(Records from a dataset)
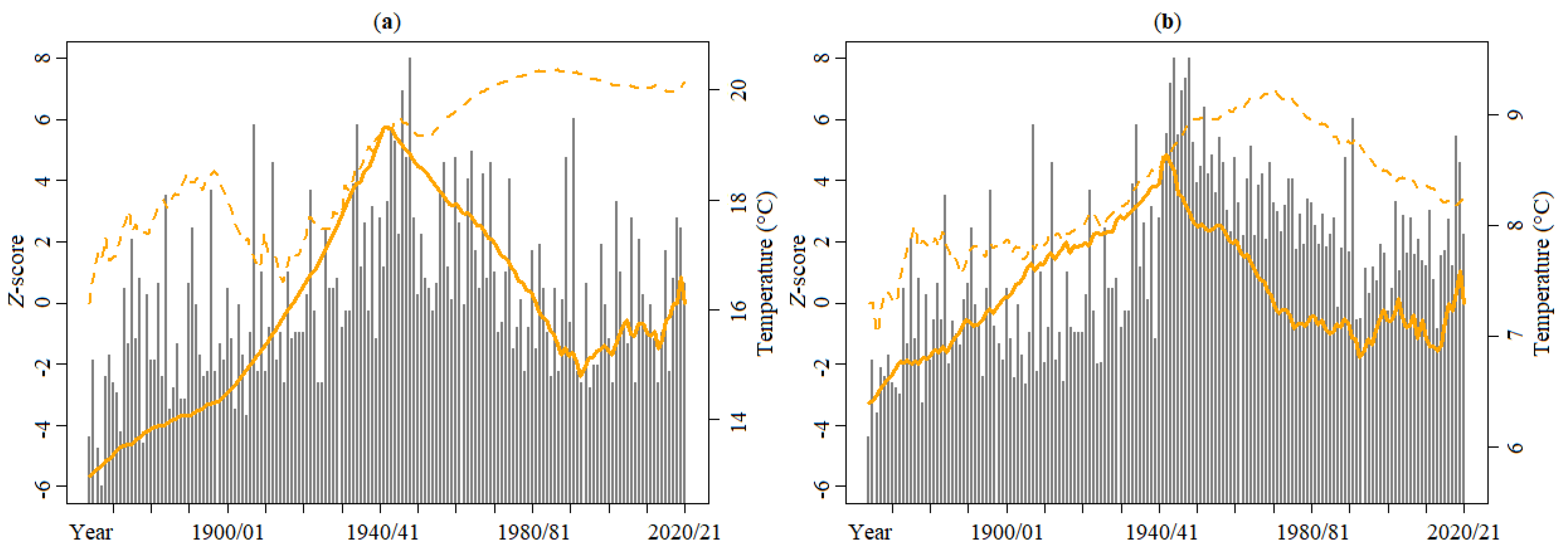 Atmosphere 13 01995 g013 Atmosphere 13 01995 g013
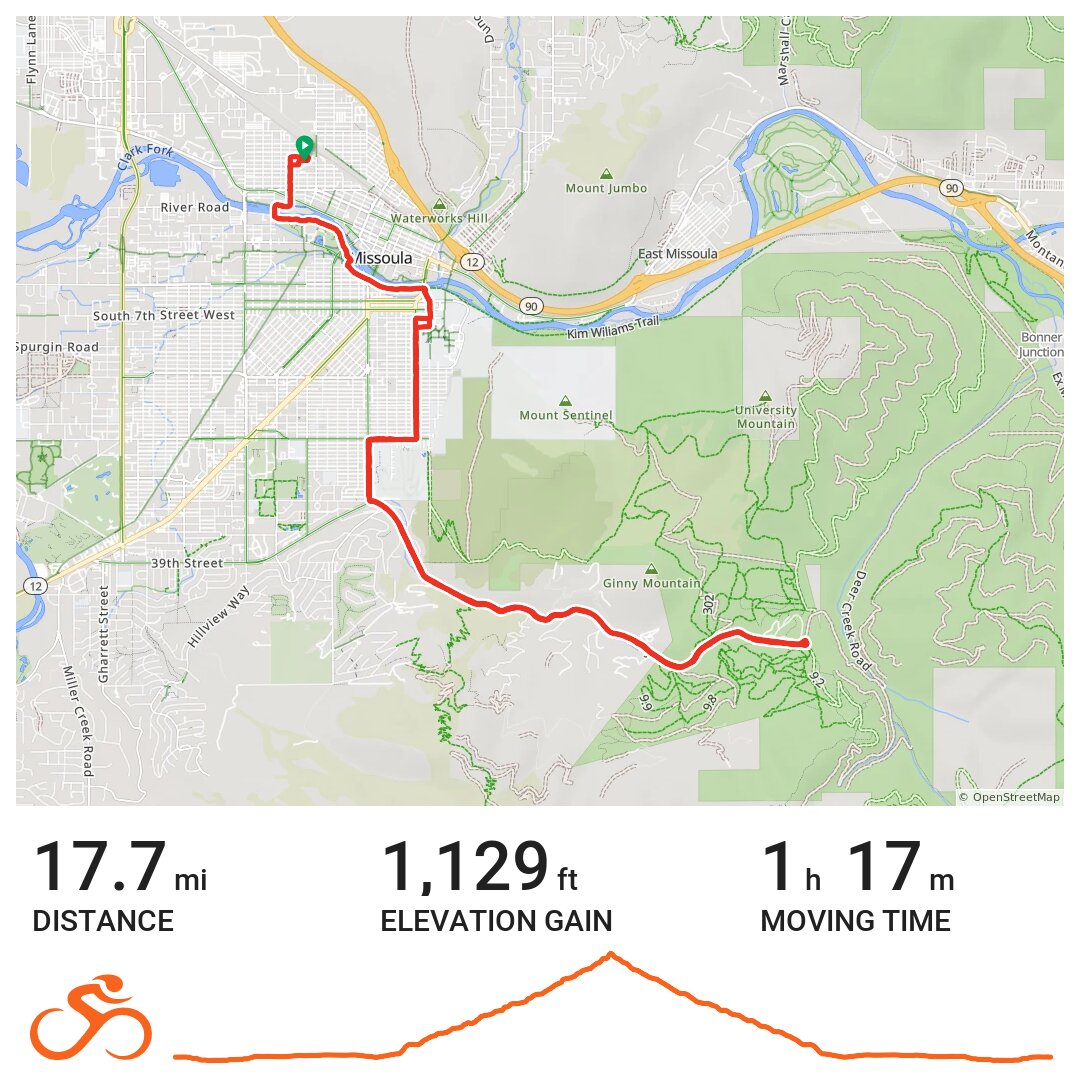 7Nov16 · Ride with GPS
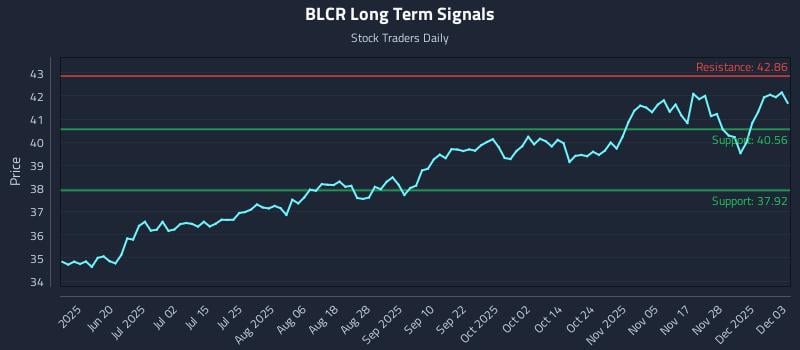 BLCR Long Term Analysis for December 4 2025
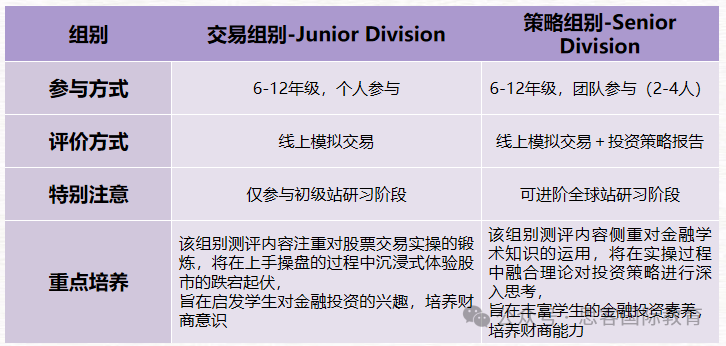 【SIC组队末班车】SIC竞赛2024-2025比赛安排全汇总！开赛在即！值得收藏！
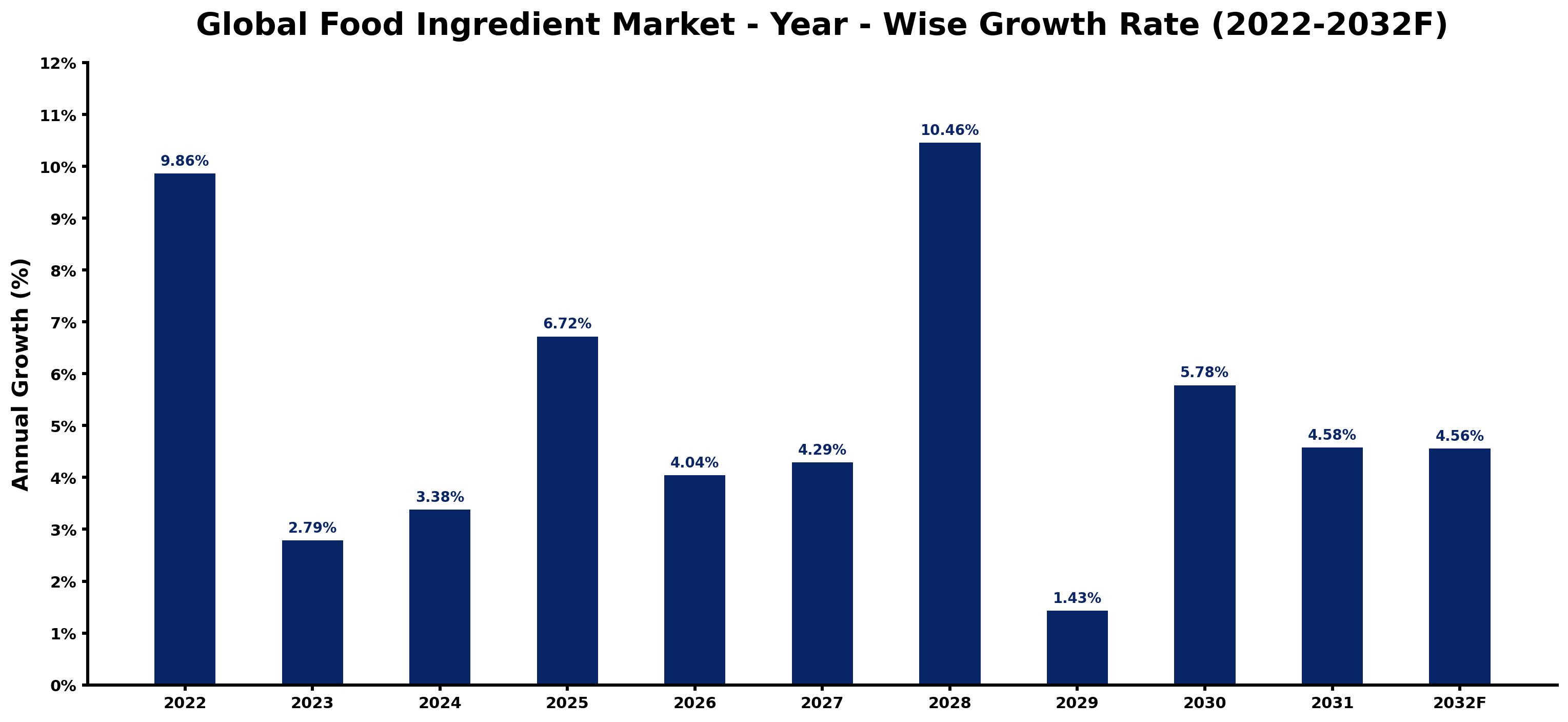 Global Food Ingredient Market Year-wise Growth Rate and Key Drivers
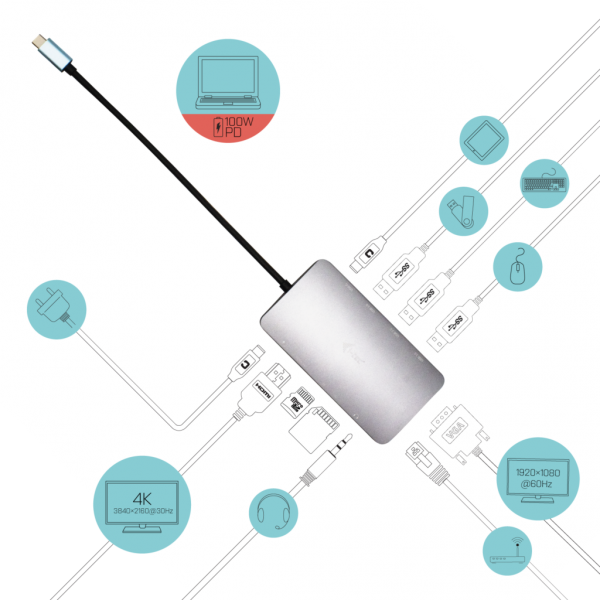 DOCKING STATION NANO I-TEC C31NANOVGA112W USB-C Metal Nano Dock HDMI/VGA with LAN + Charger 112W- Power Delivery 100W - Disponibile in 3-4 giorni lavorativi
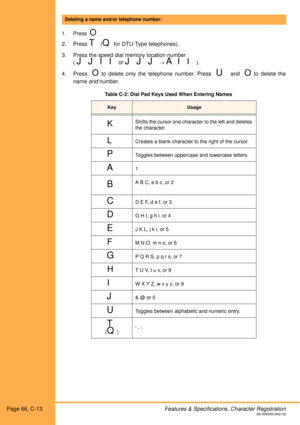 Page 72Page 66, C-13Features & Specifications, Character RegistrationA6-506000-642-02
1. Press  O .
2. Press T (Q for DTU-Type telephones).
3. Press the speed dial memory location number
( 
J J IIor J J J → A II).
4. Press  
Oto delete only the telephone number. Press  U  and  Oto delete the
name and number. 
Deleting a name and/or telephone number:
Table C-2: Dial Pad Keys Used When Entering Names 
KeyUsage
KShifts the cursor one character to the left and deletes 
the character.
LCreates a blank character to...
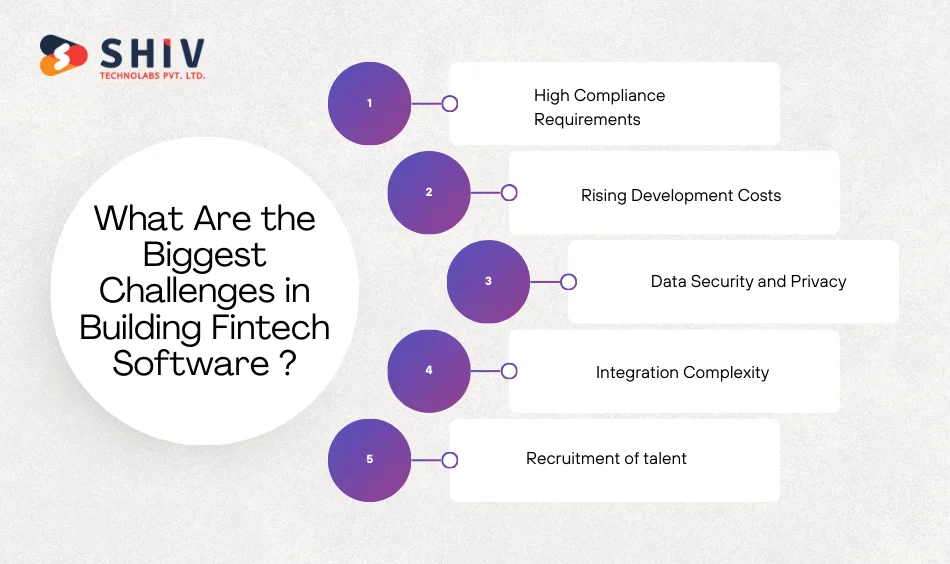 What Are the Biggest Challenges in Building Fintech Software in Canada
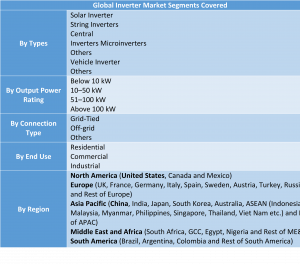 Inverter Market41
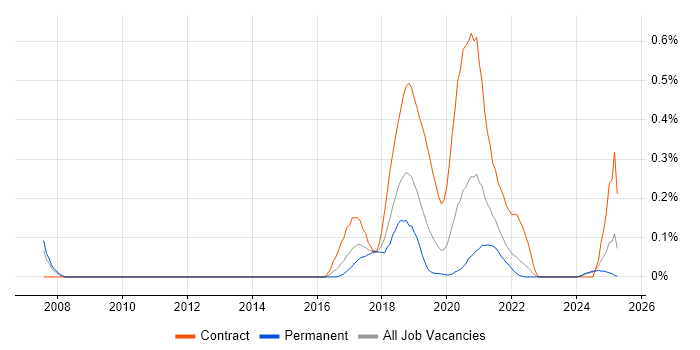 Job vacancy trend for Release Train in Hampshire Job vacancy trend for Release Train in Hampshire
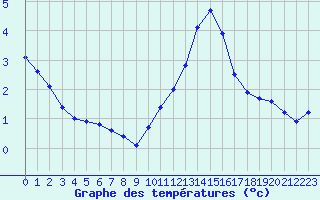 Courbe de tempratures pour Biache-Saint-Vaast (62)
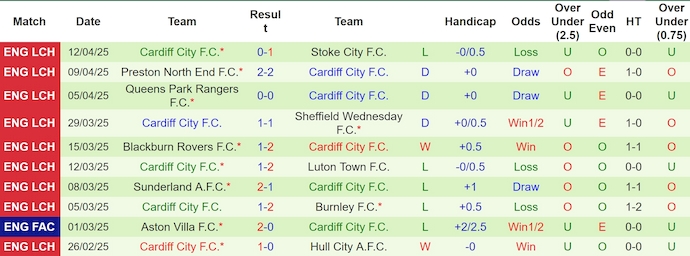 Nhận định, soi kèo Sheffield United vs Cardiff City, 23h30 ngày 18/4: Nỗ lực trụ hạng - Ảnh 3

— Task instructions —
Each entry above must be restated word for word; the pictures stay out of the copy.

— Exercise result —
 Atmosphere 13 01995 g013 Atmosphere 13 01995 g013
 7Nov16 · Ride with GPS
 BLCR Long Term Analysis for December 4 2025
 【SIC组队末班车】SIC竞赛2024-2025比赛安排全汇总！开赛在即！值得收藏！
 Global Food Ingredient Market Year-wise Growth Rate and Key Drivers
 DOCKING STATION NANO I-TEC C31NANOVGA112W USB-C Metal Nano Dock HDMI/VGA with LAN + Charger 112W- Power Delivery 100W - Disponibile in 3-4 giorni lavorativi
 Page 72Page 66, C-13Features & Specifications, Character RegistrationA6-506000-642-02
1. Press  O .
2. Press T (Q for DTU-Type telephones).
3. Press the speed dial memory location number
( 
J J IIor J J J → A II).
4. Press  
Oto delete only the telephone number. Press  U  and  Oto delete the
name and number. 
Deleting a name and/or telephone number:
Table C-2: Dial Pad Keys Used When Entering Names 
KeyUsage
KShifts the cursor one character to the left and deletes 
the character.
LCreates a blank character to...
 What Are the Biggest Challenges in Building Fintech Software in Canada
 Inverter Market41
 Job vacancy trend for Release Train in Hampshire Job vacancy trend for Release Train in Hampshire
 Courbe de tempratures pour Biache-Saint-Vaast (62)
 Nhận định, soi kèo Sheffield United vs Cardiff City, 23h30 ngày 18/4: Nỗ lực trụ hạng - Ảnh 3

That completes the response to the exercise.